To do: With the pictures left out, retype exactly the lines below starting at the line that contains "In the email" and ending at the line that contains "Set your resolution".

Study material:
┌──
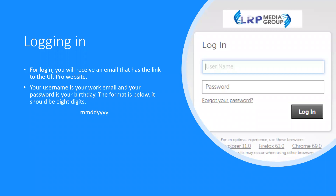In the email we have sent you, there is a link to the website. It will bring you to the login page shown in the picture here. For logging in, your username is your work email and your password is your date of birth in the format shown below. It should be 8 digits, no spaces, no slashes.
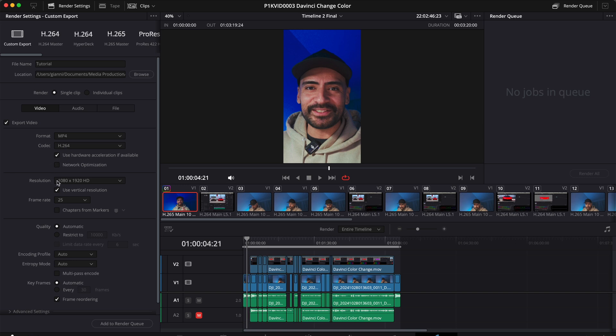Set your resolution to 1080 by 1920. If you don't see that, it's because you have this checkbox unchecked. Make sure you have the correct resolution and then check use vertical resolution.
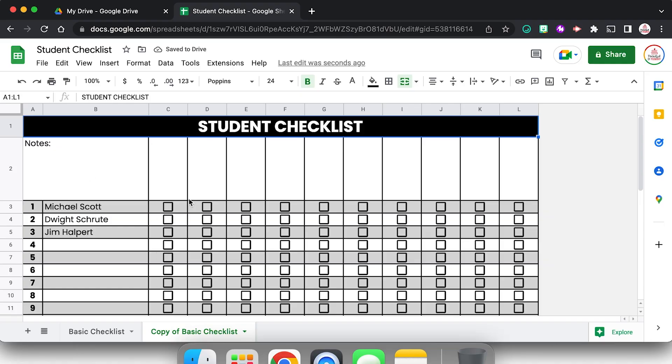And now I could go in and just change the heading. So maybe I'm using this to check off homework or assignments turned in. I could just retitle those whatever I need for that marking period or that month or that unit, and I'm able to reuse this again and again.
└──
┌──
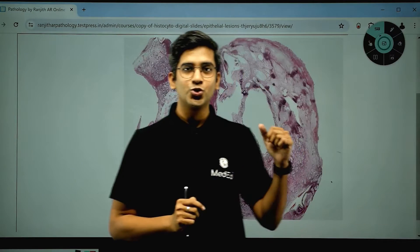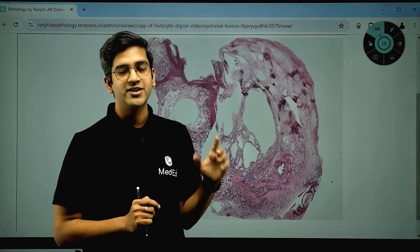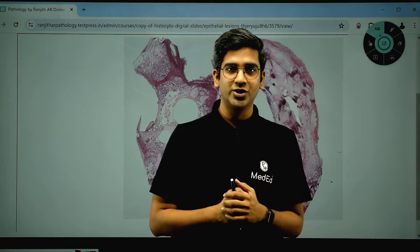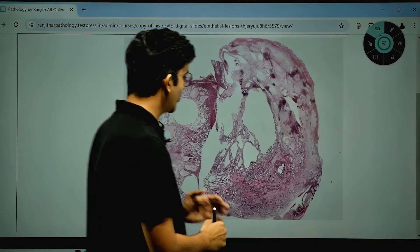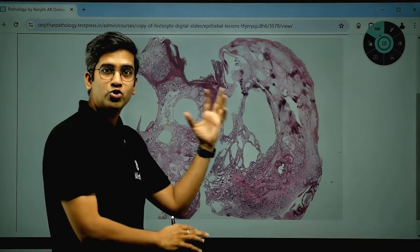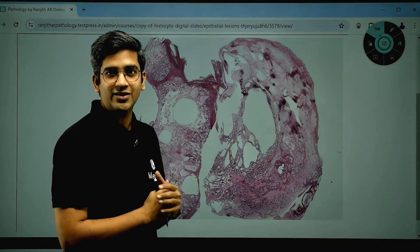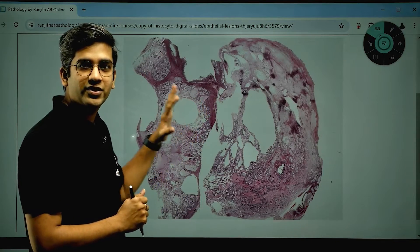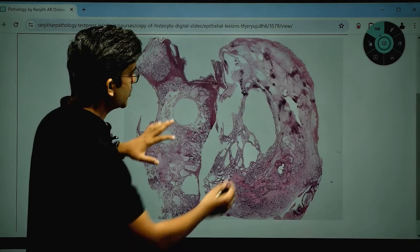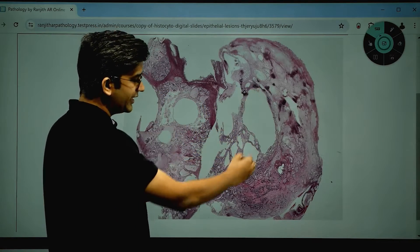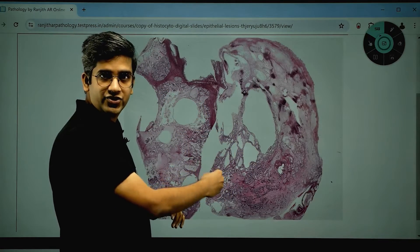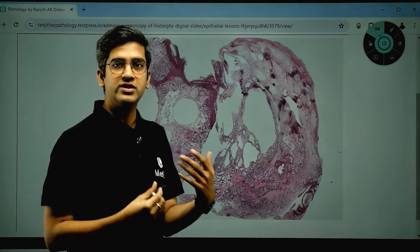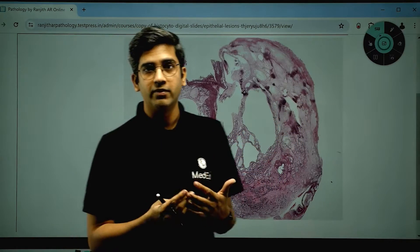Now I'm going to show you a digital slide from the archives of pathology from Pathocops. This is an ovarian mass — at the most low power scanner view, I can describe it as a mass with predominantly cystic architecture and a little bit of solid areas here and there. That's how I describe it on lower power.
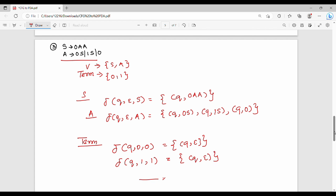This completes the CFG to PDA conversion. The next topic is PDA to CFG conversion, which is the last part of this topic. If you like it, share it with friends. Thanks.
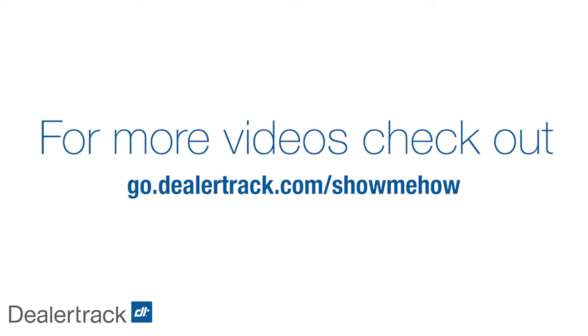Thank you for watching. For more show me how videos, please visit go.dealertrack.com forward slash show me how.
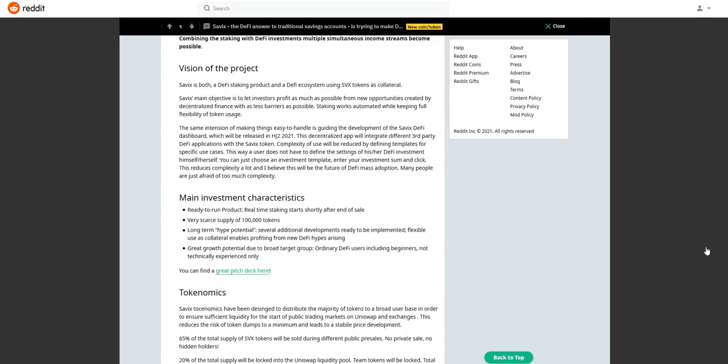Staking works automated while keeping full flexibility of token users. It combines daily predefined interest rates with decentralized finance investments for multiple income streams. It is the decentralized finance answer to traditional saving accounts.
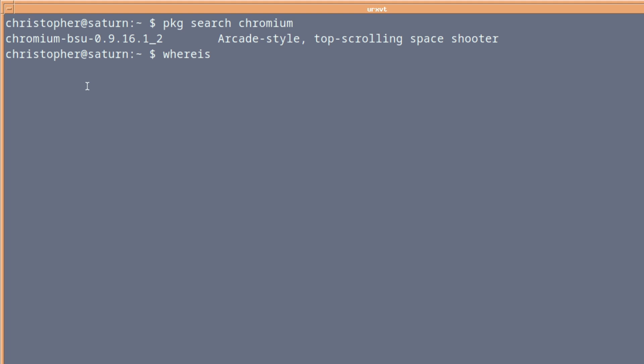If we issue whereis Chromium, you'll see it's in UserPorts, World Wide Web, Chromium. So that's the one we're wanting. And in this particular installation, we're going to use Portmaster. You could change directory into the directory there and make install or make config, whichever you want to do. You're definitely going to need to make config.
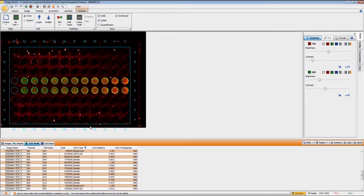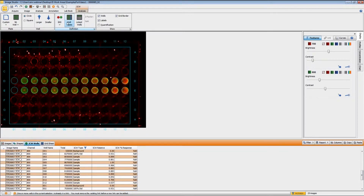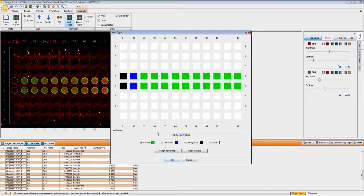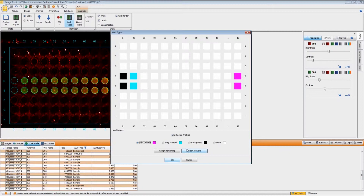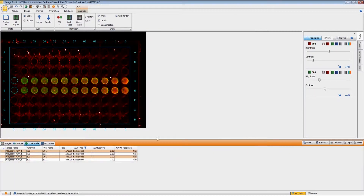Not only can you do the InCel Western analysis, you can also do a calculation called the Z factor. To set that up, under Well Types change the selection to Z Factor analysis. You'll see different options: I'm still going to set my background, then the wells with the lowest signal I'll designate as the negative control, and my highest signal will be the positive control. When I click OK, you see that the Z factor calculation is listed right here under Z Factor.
└──
Reply:
In the email we have sent you, there is a link to the website. It will bring you to the login page shown in the picture here. For logging in, your username is your work email and your password is your date of birth in the format shown below. It should be 8 digits, no spaces, no slashes.
Set your resolution to 1080 by 1920. If you don't see that, it's because you have this checkbox unchecked. Make sure you have the correct resolution and then check use vertical resolution.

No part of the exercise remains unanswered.